Особенно безобразными казались Дюма русские дороги и все то, что было характерно для России середины XIX столетия. Впоследствии, в книге об этом путешествии по России, он привел стихотворение князя Вяземского «Русский Бог», где говорится следующее:
Бог метелей, Бог ухабов,
Бог мучительных дорог,
Станций – тараканьих штабов,
Вот он, вот он, русский Бог.
Бог голодных, Бог холодных,
Нищих вдоль и поперек,
Бог имений недоходных,
Вот он, вот он, русский Бог.
К глупым полон благодати,
К умным беспощадно строг,
Бог всего, что есть некстати,
Вот он, вот он, русский Бог.
Конечно же, Дюма познакомился и с месье Дюфуром, первым французским книгопродавцом Петербурга, вокруг которого группировались все французы, жившие в городе, а его книжная лавка представляла столичный французский клуб. Здесь Дюма встретил двух своих близких парижских знакомых – двух сестер – Женни и Корнелию Фалькон.
С Корнелией он познакомился четверть века назад – в 1832 году, когда она была восходящей звездой парижской Оперы, а ее сестра Женни была тогда семилетней девочкой.

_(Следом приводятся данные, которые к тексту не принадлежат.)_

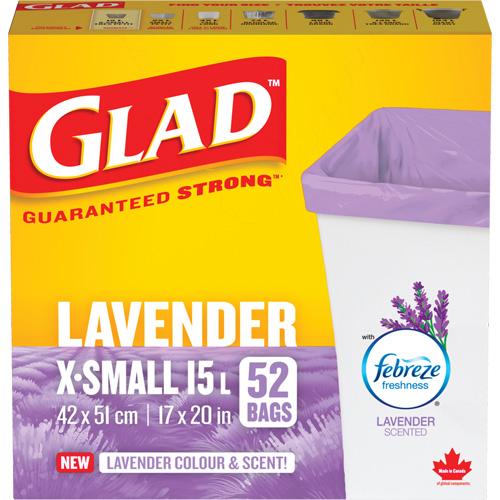 Glad&reg; Lavender Coloured & Scented Bags, Strong, 17" W x 20" L, Purple, 15 L (3.96 Gal.) Capacity Rideout Tool & Machine Inc.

Сейчас Женни было чуть за тридцать, она дебютировала в театре Жимназ шестнадцать лет назад, а потом стала женой Дмитрия Павловича Нарышкина и хозяйкой одного из лучших салонов Петербурга, где находили самый радушный прием все местные и заезжие знаменитости.

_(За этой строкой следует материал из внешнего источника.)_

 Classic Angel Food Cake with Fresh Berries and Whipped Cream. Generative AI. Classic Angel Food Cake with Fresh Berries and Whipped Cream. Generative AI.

Женни оставила у Дюфура приглашение для Дюма, написав, что она, и ее муж ждут писателя в гости, и счастливый путешественник тотчас же поехал к ним в дом, на Михайловскую площадь, где его давно и нетерпеливо ждали.

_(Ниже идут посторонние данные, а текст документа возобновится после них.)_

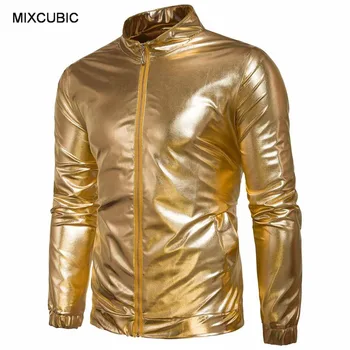 MIXCUBIC līdz 2017. gada Rudenī Anglijas stila Naktsklubi zelta Spīdīgs virsjakas, mēteļi vīriešiem casual slim Silver Glossy jakas,izmērs S-XXL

Дюма поселился во флигеле их прекрасного особняка, зная, что завтра – день рождения Женни, и потому он отыскал менялу и обменял у него французские золотые франки на русские бумажные ассигнации.
А после дня рождения Женни Дюма вновь поехал в центр Петербурга, осмотрел домик Петра I и стоящую на другой стороне Невы Петропавловскую крепость. «Она, – писал Дюма, – несомненно, защищает город, но еще более угрожает ему; она, конечно, была построена, чтобы отражать шведов, но послужила тому, чтобы заточать русских. Это Бастилия Санкт-Петербурга; как и Бастилия Сент-Антуанского предместья, она прежде всего держала в заточении мысль. Ужасной историей была бы летопись этой крепости. Все она слышала, всякое повидала, только еще ничего не раскрыла. Настанет день – и она разверзнет свое чрево, как Бастилия, и устрашит глубиной, сыростью и мглою своих темниц; настанет день – и она заговорит, как замок Иф. В этот день Россия обретет свою историю; пока у нее есть только легенды».